Alan Pliev: It is unlikely that Georgia will venture into a full-scale war having in mind its disgraceful failure and the presence of Russian military bases in RSO”

Mon, 27/04/2009 - 18:28

In accordance with the NATO-Georgia military plans, on 6 May-1 June, military exercises will be held on the territory of Georgia with the participation of up to 1,300 military staff from about 20 countries. Do these military maneuvers imply any threat to the security of the Republic of South Ossetia and what sort of work should be done by RSO Defense Ministry and other structures to neutralize a possible escalation of the situation in South Ossetia throughout the period of preparation for the above exercise?
Yury Tanaev, Defense Minister of RSO:
These exercises in May-June bear no threat to South Ossetia since they spoke about 1,300 personnel, while we have 3,000 plus the Russian contingent. Potentially there is a threat, if the neighboring country carried out exercises in the vicinity to borderline area and other neighboring states or allies are involved, this speaks for their getting prepared for a war.

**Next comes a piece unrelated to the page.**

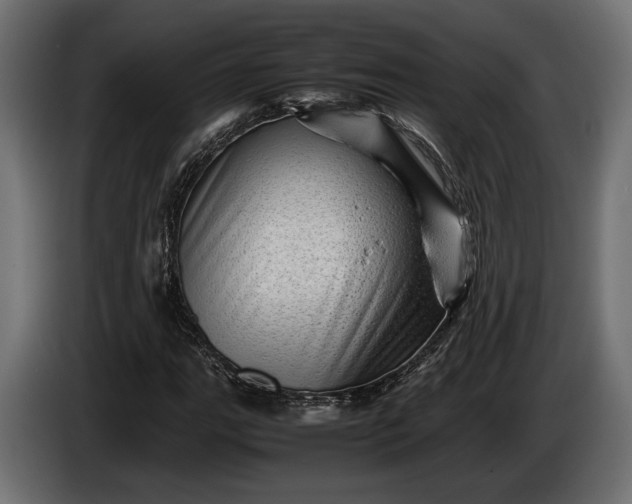X0000086291111200704131541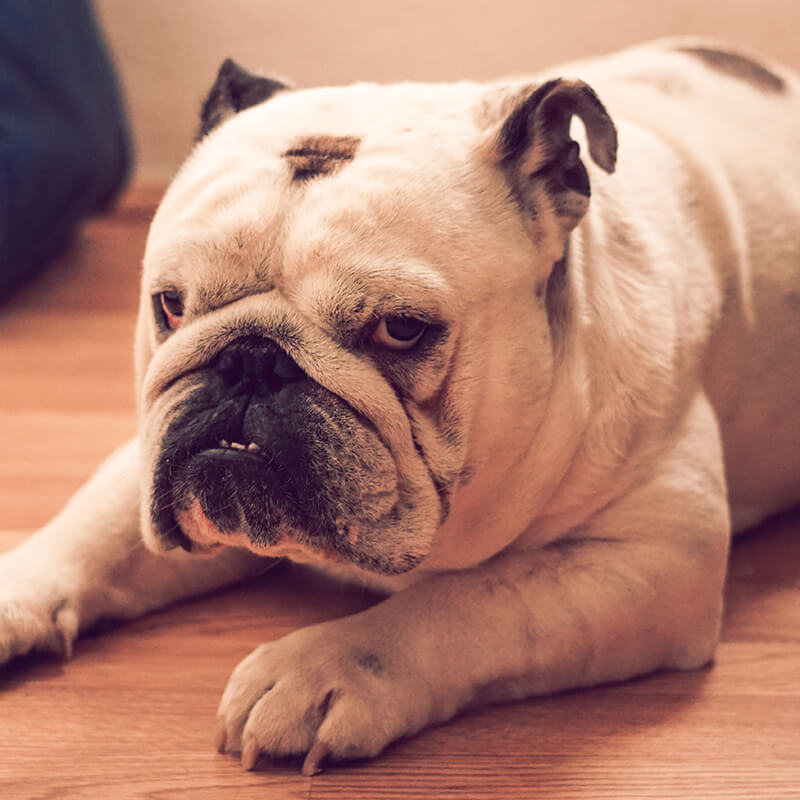 dog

This again underlines that Georgia did not accept the situation and that Georgia will attempt to tear away and seize our territories; their allies, that is, Western Europe and the United States are helping them in this and encourage them for a new aggression.

Alan Pliev, Deputy Foreign Minister of RSO:
It is clear that with these actions Georgia is trying to exacerbate the situation, and besides, we are having Parliament election on 31 May. Taking into consideration the intensive armament of the Georgian forces and the refusal of Georgia to sign the agreement on non-use of force, we can expect provocations with an actives support by Georgian mass media. However, it is unlikely that Georgia will ventures in a full-scale war having in mind their disgraceful failure and the presence of Russian military base in RSO. Certain incidents are possible.
it is for the neighboring country to decide whether to carry out or cancel military exercise, but the defense structures of South Ossetia should be in be on full alert.
Irina Kadzhaev, political scientist:
The threat to the security of South Ossetia coming from Georgia is still on the agenda and NATO continues feeding the aggressiveness of Tbilisi by helping in restoring military capacities of the Georgian army and organizing military exercise in the region of a recent full-scale war.
Today the situation is much more serious than before the August 2008. The then threat endangered only South Ossetia and Abkhazia, but after Russia’s recognition of these states’ independence and conclusion of agreements envisaging the presence of Russian armed forces on their territories, a possible recurrence of war will be limited to the Caucasus.
The new President of the United States did not bring about any crucial changes in relation to Georgia, but having a dominant role in NATO, he still insists on Georgia’s soonest joining the Alliance. If it happens, the world would face a more serious threat than the crises of the Cold War.
The previous experience of Georgia’s militarization showed that despite the warnings of his Western allies, the Saakashvili regime had unleashed the war. Tbilisi had not its lessons learnt from its failure and “restoration of territorial integrity” is still an idée fixe for the Georgian authorities. There are no guarantees that Georgia would give up its military ventures. Under the new realities, Georgia’s war against South Ossetia may easily turn into NATO’s war against Russia. This would be a third world war.